Dell bloggers, I hope you are prepared for a sure flood of comments from customers with their specific sagas of woe. You’re going to have customers who will want answers to their own problems or who will want to hear about changes at Dell that will solve the problems they’ve had. It’s starting already. See this comment:
So please use this blog to tell us, *specifically* what is Dell doing to improve in this area? When will we, as customers, see significant change in this area? Is there light at the end of this long dark tunnel?
I see the Lionel Menchaca, the digital media manager, answering a few comments and that’s good. But you’d better be prepared for a mob.
I never intended to form a mob of unhappy Dell customers. They formed themselves. When I wrote my original post on June 21 last year, my only intent was to add to the wisdom of the crowds you find when searching Google for the wisdom of the pissed-off crowd, the true consumer reports you find when you look for any brand followed by the word “sucks.” But the response was incredible. That original post got 253 comments (which are now, unfortunately, broken); thousands more came in with comments to later posts, their own blog posts and links, and emails. The mob coalesced around my complaint with their own complaints; that is how the internet works. To this day, I get plaintive emails, comments, and links from people telling me their own stories and frustrations in the hope that I can help. I can’t, of course. It’s evident that I am the last person to have a link to Dell.
Just yesterday, I got an email from a nice minister — a gentle man of the cloth — who said:
please… omg… please help with a Dell question.
Not the ‘oh, my God’ reference from a pastor. The man’s desperate.
I, too am in Dell Hell right now…
Note the ‘hell’ reference. He knows whereof he preaches.
…something that has NEVER happened to me in working for at least 10 years with a dell machine. I have been so very happy up to now. I feel the only way I can get my point across is to write directly to Michael Dell … the problem? nowhere on their website can I find his information or his office’s info. please help, for the link on your website that i thought might go to it has been removed from their website. thank you in advance for your help.
I told him that I couldn’t help. As near as I can tell, Dell changed its email address structure after I got to a vice president’s person; that veep seems to have left anyway; and that veep’s person has not responded to other people I sent her way (she even refused to help me again should I have continued to be a Dell customer).
So I told the good padre to go to the new Dell blog because now they’re listening. He’s doing that I’ll watch with interest the rest of his tale.

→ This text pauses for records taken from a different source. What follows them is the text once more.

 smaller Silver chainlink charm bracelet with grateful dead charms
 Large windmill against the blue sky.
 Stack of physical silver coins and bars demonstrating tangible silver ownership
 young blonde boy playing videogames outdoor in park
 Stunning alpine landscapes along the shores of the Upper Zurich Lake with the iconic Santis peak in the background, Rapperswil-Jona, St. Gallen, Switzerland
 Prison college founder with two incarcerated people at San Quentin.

Now I know someone at Dell will say that the company already has forums and phones where people are supposed to come. But as Laura Bosworth admitted on the Dell blog yesterday– and good for her — those systems aren’t working. She also warned that there are no magic wands to fix it. That’s fine.
But I guarantee that a mob will gather outside your door and if they don’t think they are being heard and don’t see reason to hope for improvement, they will get louder and pick up their pitchforks and torches and then we’ll hear people say, well, this is what happens when you venture into the frightening blogosphere. But on the other hand, if you deal with these people and their problems directly, you can win them over.

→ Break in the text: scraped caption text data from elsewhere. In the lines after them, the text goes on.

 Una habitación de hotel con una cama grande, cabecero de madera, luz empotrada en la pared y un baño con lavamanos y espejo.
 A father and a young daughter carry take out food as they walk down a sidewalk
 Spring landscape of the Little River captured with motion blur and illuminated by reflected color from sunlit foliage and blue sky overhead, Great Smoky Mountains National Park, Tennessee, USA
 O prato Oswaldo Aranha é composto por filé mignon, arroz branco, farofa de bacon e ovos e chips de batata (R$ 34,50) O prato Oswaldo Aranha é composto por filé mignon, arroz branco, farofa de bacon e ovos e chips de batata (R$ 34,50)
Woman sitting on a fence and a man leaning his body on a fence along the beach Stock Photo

Can you respond to and solve every single problem in every comment and blog post? Probably not. But I’d start tackling the problems, one by one, in public, referring to the specific customers and their sagas. Dig into the problems; get to the employees they dealt with; be open with your own phone and customer records; talk to the managers involved; admit the problems; apologize; hear well what your customers are trying to tell you to help you — think of this as reporting on yourselves. Then share your solutions. Then track your solutions.
And be aware that your employees are reading, too. When they see you get to the bottom of a specific case, they will realize that they are being watched and not by their own cubiclemates — ‘this call may be recorded…’ — but by your customers.
Of course, a blog alone won’t solve Dell’s many problems with customer service and quality; you have to do that on your own. But it can help.